Exercise requirements:
In the entries below, find the line with "Search for 25th" and the line with "City Panorama From". Return those two lines and all lines between them, exactly.
(Source data begins)
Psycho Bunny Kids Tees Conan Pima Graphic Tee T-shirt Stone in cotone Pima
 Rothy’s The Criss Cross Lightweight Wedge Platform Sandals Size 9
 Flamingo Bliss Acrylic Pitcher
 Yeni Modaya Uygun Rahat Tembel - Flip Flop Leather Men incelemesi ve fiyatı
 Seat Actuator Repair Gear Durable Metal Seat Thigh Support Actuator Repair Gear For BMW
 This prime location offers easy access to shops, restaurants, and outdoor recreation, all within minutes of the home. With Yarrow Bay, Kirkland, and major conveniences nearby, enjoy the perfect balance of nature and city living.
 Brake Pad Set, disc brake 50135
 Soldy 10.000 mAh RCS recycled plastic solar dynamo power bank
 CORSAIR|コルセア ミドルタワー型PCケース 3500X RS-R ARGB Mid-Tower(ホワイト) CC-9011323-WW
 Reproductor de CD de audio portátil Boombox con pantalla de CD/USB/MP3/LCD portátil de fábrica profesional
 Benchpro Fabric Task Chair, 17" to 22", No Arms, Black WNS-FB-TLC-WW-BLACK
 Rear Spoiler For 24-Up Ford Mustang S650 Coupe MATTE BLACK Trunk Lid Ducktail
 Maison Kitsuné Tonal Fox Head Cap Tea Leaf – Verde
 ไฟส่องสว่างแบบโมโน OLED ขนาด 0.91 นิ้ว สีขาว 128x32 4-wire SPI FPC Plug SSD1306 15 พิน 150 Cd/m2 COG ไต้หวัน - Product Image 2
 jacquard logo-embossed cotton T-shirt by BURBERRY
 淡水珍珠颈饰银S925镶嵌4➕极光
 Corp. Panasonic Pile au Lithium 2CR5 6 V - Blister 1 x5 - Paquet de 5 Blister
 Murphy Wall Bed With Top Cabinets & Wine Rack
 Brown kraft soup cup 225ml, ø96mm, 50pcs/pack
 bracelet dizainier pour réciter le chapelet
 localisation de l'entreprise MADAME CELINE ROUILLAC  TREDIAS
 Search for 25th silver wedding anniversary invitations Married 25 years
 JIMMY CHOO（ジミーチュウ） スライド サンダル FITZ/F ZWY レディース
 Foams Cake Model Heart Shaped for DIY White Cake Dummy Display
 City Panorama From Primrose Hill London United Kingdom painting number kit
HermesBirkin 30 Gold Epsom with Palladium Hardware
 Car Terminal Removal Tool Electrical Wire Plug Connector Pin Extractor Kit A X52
(Source data ends)
Task answer:
 Search for 25th silver wedding anniversary invitations Married 25 years
 JIMMY CHOO（ジミーチュウ） スライド サンダル FITZ/F ZWY レディース
 Foams Cake Model Heart Shaped for DIY White Cake Dummy Display
 City Panorama From Primrose Hill London United Kingdom painting number kit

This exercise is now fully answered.